The Rutgers basketball story continues to transfix the media, and why shouldn’t it? Mike Rice, the disgraced former Rutgers basketball coach allegedly killed a woman and at least seven viable, born-alive babies “by plunging scissors into their spinal cords” in his filthy, macabre “house of horrors” abortion clinic.
Oh wait, my mistake. Rice was fired last week from Rutgers over video of him shoving, kicking and yelling at his players, throwing basketballs at them and – most damning – using “homophobic slurs.” That’s made Rice the most notorious villain in America. And in one week it earned him 36 network news stories clocking in at 41 minutes, 26 seconds of air time on ABC, CBS and NBC.
Now, had Rice been accused of killing a woman and eight babies, he’d be enjoying the same anonymity as Kermit Gosnell– provided the killings were carried out in an abortion clinic. Gosnell is the West Philadelphia abortionist who ran an unimaginable charnel house of a “clinic,” for 30 years. Witnesses testified that he may have murdered over 100 babies outside the womb. Gosnell’s trial, underway for weeks, has featured wrenching testimony and horrific details.

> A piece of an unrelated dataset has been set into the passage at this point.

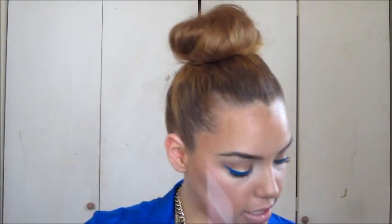Another lip liner I really like that you guys have seen me wear is this one by Rimmel London — color 063 Eastend Snob. I already have a backup of it because I love this pencil. It's sort of a baby pink color, perfect when you're using any type of light pink lipsticks. That's what I love this one for.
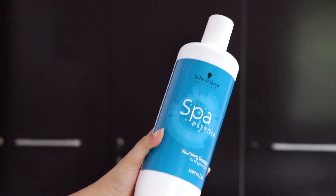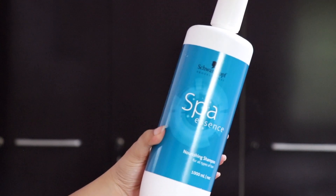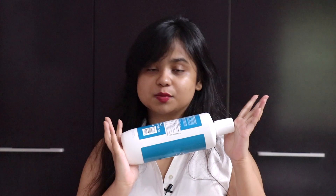But first I'm going to start with the Schwarzkopf Spa Essence Nourishing Shampoo for all types of hair. The range comes in this white and blue packaging, and yes, the bottle is as huge as it looks on camera. The quantity of the shampoo in this bottle is 1000 ml and it retails for exactly Rs. 1000 — not a rupee more, not a rupee less. If you invest in this huge bottle, it is probably going to last you the whole year, making it essentially a one-time investment.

And it has received exactly zeroseconds of airtime on the broadcast networks.
Let’s break it out by network.
ABC
- Rutgers: 8 min., 1 sec.
- Gosnell: 0 min., 0 sec.
CBS
- Rutgers: 14 min., 27 sec.
- Gossnell: 0 min., 0 sec.
NBC
- Rutgers: 18 min., 58 sec.
- Gosnell: 0 min., 0 sec
Last week, Media Research Center founder Brent Bozell and 20 other leaders of the conservative movementpublicly demanded the networks end their blackout of the Gosnell trial. They haven’t. Perhaps they’ve been too traumatized by Rutgers and the “shocking videotapes,” as ABC’s Jenna Wolfe called them on “Good Morning America” April 6. NBC’s Erica Hill also called them “shocking” on that morning’s “Today.” At CBS “This Morning” on April 3, anchor Norah O’Donnell found the video “stunning.”
“We`ve all been in environments, basketball courts, locker rooms, where the coaches can get fiery, they can get animated with you, CBS special correspondent James Brown allowed, “but putting your hands on a player and engaging in that kind of – those kind of homophobic slurs and abusive behavior, you don`t treat animals that way.”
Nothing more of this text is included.